Problem to work on:
Reproduce exactly the lines from the top of the records below through the line holding "The Lumpini 24".

*** Data supplied ***

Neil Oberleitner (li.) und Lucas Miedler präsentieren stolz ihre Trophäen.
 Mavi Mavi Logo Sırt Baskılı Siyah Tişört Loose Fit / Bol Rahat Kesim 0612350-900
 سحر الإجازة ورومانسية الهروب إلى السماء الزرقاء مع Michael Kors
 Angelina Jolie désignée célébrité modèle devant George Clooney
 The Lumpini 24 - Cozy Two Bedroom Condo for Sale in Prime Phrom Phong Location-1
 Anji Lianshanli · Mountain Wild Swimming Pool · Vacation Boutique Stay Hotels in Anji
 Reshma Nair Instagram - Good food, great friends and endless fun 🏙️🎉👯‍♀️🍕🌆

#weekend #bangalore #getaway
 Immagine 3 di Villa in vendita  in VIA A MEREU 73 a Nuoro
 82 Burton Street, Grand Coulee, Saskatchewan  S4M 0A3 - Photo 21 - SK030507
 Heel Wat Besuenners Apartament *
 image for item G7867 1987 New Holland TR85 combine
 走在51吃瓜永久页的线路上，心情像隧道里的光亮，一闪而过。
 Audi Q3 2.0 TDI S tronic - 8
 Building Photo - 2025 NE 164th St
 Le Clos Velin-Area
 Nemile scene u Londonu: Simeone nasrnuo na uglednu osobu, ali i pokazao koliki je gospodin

*** End of Data supplied ***

Written reply:
Neil Oberleitner (li.) und Lucas Miedler präsentieren stolz ihre Trophäen.
 Mavi Mavi Logo Sırt Baskılı Siyah Tişört Loose Fit / Bol Rahat Kesim 0612350-900
 سحر الإجازة ورومانسية الهروب إلى السماء الزرقاء مع Michael Kors
 Angelina Jolie désignée célébrité modèle devant George Clooney
 The Lumpini 24 - Cozy Two Bedroom Condo for Sale in Prime Phrom Phong Location-1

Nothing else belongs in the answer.